- Work task
Since only part of the records is wanted, repeat exactly the lines from the one containing "Chennai Singams players" through the last line, both included.

Dataset entries
========================================================================

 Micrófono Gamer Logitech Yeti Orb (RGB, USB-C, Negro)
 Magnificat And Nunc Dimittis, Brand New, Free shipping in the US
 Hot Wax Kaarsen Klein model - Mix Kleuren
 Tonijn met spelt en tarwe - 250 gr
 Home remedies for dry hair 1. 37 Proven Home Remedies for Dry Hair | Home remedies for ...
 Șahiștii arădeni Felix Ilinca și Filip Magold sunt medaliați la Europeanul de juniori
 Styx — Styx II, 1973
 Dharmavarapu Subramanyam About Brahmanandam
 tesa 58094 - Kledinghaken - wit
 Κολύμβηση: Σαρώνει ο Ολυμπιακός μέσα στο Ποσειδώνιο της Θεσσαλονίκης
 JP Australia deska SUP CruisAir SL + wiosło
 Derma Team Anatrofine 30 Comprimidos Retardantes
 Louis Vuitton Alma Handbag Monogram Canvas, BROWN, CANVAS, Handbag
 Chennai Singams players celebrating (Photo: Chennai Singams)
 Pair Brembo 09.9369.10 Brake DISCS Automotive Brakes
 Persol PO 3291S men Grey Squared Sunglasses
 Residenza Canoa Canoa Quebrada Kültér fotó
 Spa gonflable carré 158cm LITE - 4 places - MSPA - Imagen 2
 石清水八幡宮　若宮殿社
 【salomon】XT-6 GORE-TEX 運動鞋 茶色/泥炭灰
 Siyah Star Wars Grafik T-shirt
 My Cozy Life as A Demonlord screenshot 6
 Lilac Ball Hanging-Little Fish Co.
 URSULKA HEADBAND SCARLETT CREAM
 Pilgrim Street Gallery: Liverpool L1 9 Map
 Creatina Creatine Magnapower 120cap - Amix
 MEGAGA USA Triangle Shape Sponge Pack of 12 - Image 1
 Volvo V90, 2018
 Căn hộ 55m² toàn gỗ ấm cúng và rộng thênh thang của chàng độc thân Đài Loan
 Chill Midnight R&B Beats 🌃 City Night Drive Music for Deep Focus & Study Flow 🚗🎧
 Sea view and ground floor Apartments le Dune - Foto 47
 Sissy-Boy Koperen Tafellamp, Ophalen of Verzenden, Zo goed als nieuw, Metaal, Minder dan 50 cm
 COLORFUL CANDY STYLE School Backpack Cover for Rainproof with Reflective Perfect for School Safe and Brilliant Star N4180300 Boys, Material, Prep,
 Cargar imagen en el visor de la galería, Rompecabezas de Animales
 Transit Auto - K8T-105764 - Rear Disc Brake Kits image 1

========================================================================

- Reply
 Chennai Singams players celebrating (Photo: Chennai Singams)
 Pair Brembo 09.9369.10 Brake DISCS Automotive Brakes
 Persol PO 3291S men Grey Squared Sunglasses
 Residenza Canoa Canoa Quebrada Kültér fotó
 Spa gonflable carré 158cm LITE - 4 places - MSPA - Imagen 2
 石清水八幡宮　若宮殿社
 【salomon】XT-6 GORE-TEX 運動鞋 茶色/泥炭灰
 Siyah Star Wars Grafik T-shirt
 My Cozy Life as A Demonlord screenshot 6
 Lilac Ball Hanging-Little Fish Co.
 URSULKA HEADBAND SCARLETT CREAM
 Pilgrim Street Gallery: Liverpool L1 9 Map
 Creatina Creatine Magnapower 120cap - Amix
 MEGAGA USA Triangle Shape Sponge Pack of 12 - Image 1
 Volvo V90, 2018
 Căn hộ 55m² toàn gỗ ấm cúng và rộng thênh thang của chàng độc thân Đài Loan
 Chill Midnight R&B Beats 🌃 City Night Drive Music for Deep Focus & Study Flow 🚗🎧
 Sea view and ground floor Apartments le Dune - Foto 47
 Sissy-Boy Koperen Tafellamp, Ophalen of Verzenden, Zo goed als nieuw, Metaal, Minder dan 50 cm
 COLORFUL CANDY STYLE School Backpack Cover for Rainproof with Reflective Perfect for School Safe and Brilliant Star N4180300 Boys, Material, Prep,
 Cargar imagen en el visor de la galería, Rompecabezas de Animales
 Transit Auto - K8T-105764 - Rear Disc Brake Kits image 1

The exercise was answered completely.